Noi crediamo che questa sia una vittoria per lo Stato, noi crediamo che sia giusto dare una possibilità a chi nella vita ha sbagliato, darla ovviamente a chi del suo sbaglio ha imparato e ha deciso che cambiare vita ne vale davvero la pena.
È chiaro che non ci mettiamo a giustificare i reati, per noi sono tutti da condannare indistintamente e vorremmo occuparci dei detenuti dal momento in cui iniziano a scontare la propria pena.
Sarebbe dovere di ogni cittadino preoccuparsi se davvero lo Stato rispetti quello che la nostra Costituzione detta, se davvero l’art 27 viene rispettato e viene data la possibilità ad ognuno di reinserirsi nella società conscio dei propri sbagli.

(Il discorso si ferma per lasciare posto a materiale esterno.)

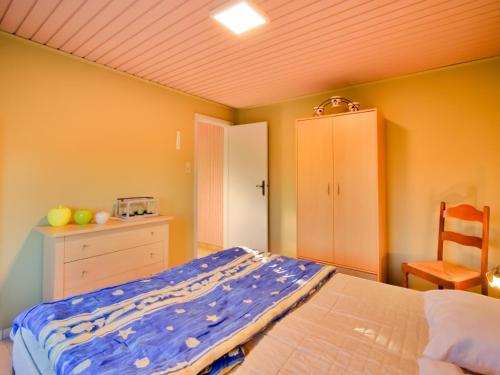 a bedroom with a bed and a cabinet and a chair at Holiday Home in Hollebeke with Private Garden in Zandvoorde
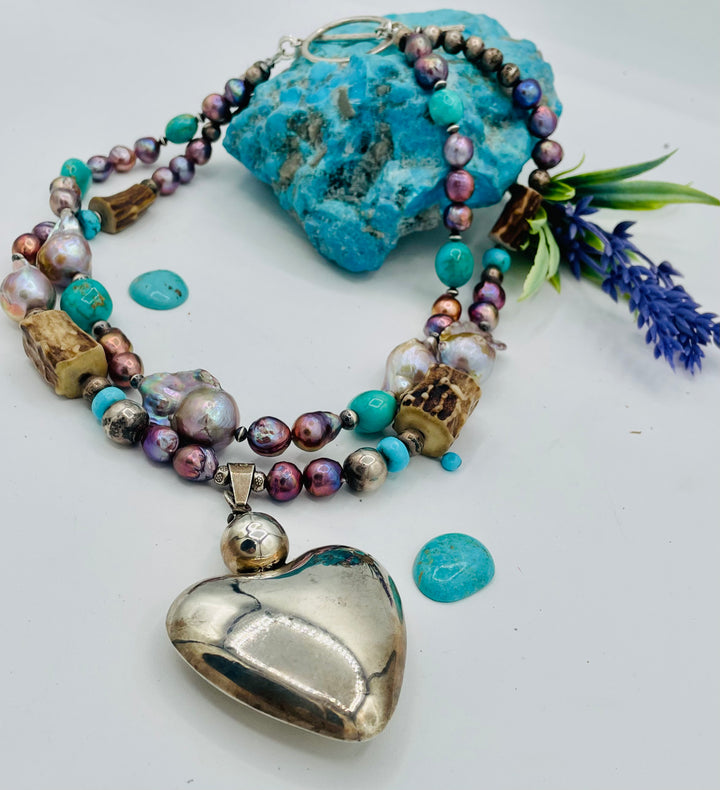 Fruity’s necklace features purple Edison pearls, Kingman turquoise nuggets and rondells, vintage sterling silver beads, deer antler, flameball pearls, and a sterling silver puffy heart pendant. Available only from Rockstar Cowgirl online or in store in Cody, Wyoming.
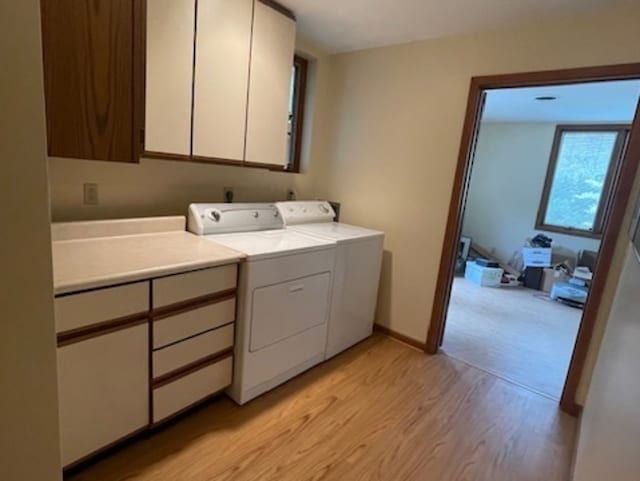 clothes washing area with cabinets, washer and clothes dryer, and light wood-type flooring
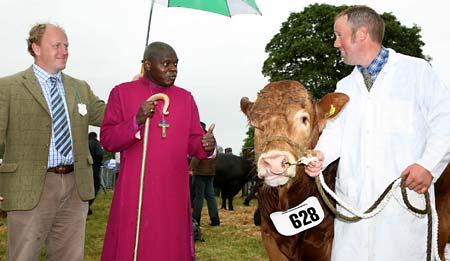 The Archbishop of York Jon Sentamu with the Acting Chairman of Malton Show, Charlie Breese, meet Edward Mackley and his bull Fabrigas which won Champion Limousin at the  show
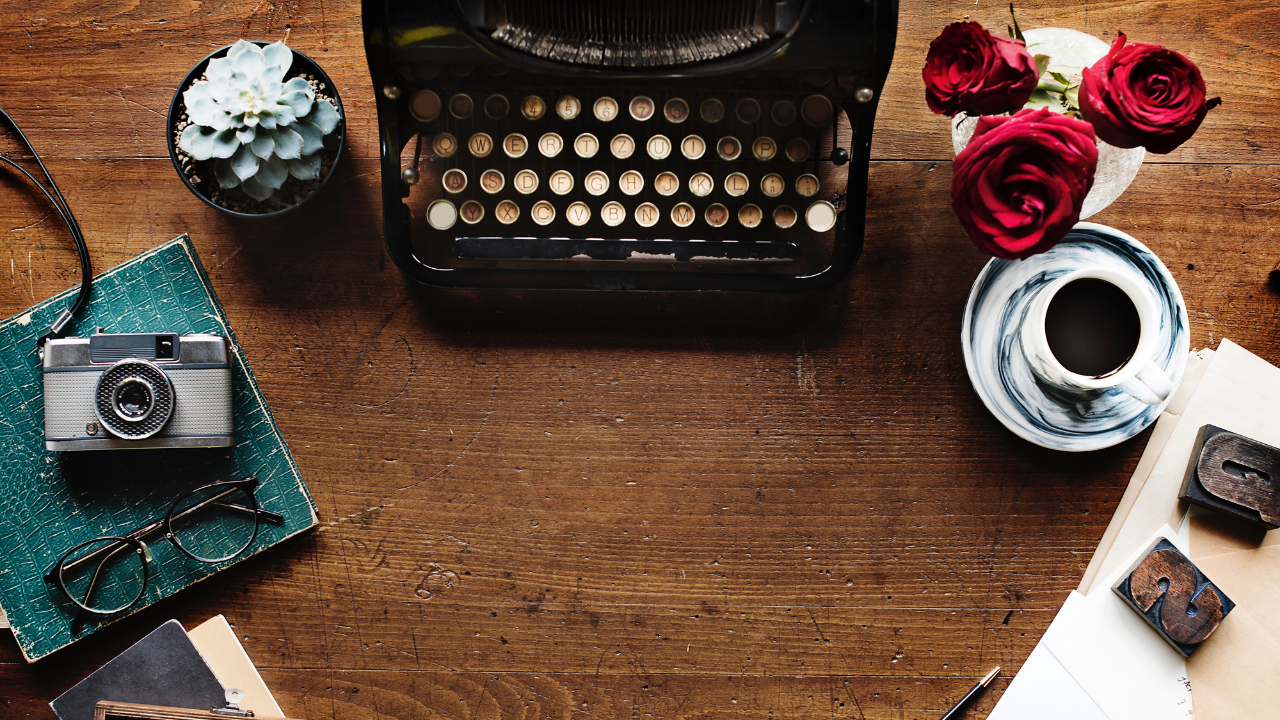 typewriter with camera and coffee cup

Chi conosce bene l’ambiente carcerario, sa purtroppo, che spesso vengono calpestati anche i più elementari diritti umani; più volte la Corte Europea ha condannato il nostro Paese perché ha obbligato molti detenuti a vivere in condizioni inumane e degradanti, ma non è questo il tema su cui oggi vorremmo confrontarci, vogliamo raccontarvi la storia di (Nazareth); il nome è di fantasia e racconta lo spaccato di vita di un uomo nato e cresciuto in ambienti dove era naturale delinquere fin dalla giovane età, i primi reati di Nazareth risalgono infatti all’età di 13 anni.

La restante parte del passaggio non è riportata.